Today, January 10th, marks the third anniversary of the death of David Bowie.
Everyone who mourned his passing did so in their own way, but when it comes to Kelsey Waters, her grief took on a life of its own. "We wrote this song just a few days after Bowie passed," she says of her single "I Pour." "There's something about losing an icon like that. It really hits you." The song chronicles a multitude of sorrows, but with a chorus line that keeps coming back to the deceased rock deity. It's been available to stream for several months now and gathered some acclaim, but today's drop of the video (exclusive to PopDust) provides an easy opportunity to jump on the bandwagon and get to know Ms. Waters before the world starts talking about her.
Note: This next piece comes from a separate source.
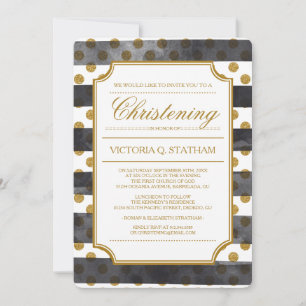 Gold Glitter Glamour Christening Invites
The strings of a guitar loaded with 60s surf sound are shucked as a drum kick starts the engine on the track. Retro, Animals-style organ fills in the sound. Waters' sultry voice warms the song and spreads her woes on the ground. She tells a story of heartbreak, both romantic and cosmic, all of this melancholy inciting her to drink. She talks about turning a shot glass gold and gripes about life decisions. Bigger, growling guitars build the sound up and up, and she pounds away at her mantra, sinking shot after shot. She mourns her former lover, her bed, Ziggy Stardust, and wishes she'd moved to LA. Rain pours over her, so she pours back; it's a simple but effective sentiment. Upon finishing the song, it begs a second listen. Then a third. Then a fourth.
5 Quick Questions:
What was the inspiration for the song?
Love. Loss. Grief. Coping (not particularly in a healthy way)
If you could sum up the video in five words or less, what would it be?
My 20's in a nutshell
Given that it comes up so much in the song, what's your drink of choice?
Tequila, soda and lime
If you could get this song featured on a TV show/film, which one would it be?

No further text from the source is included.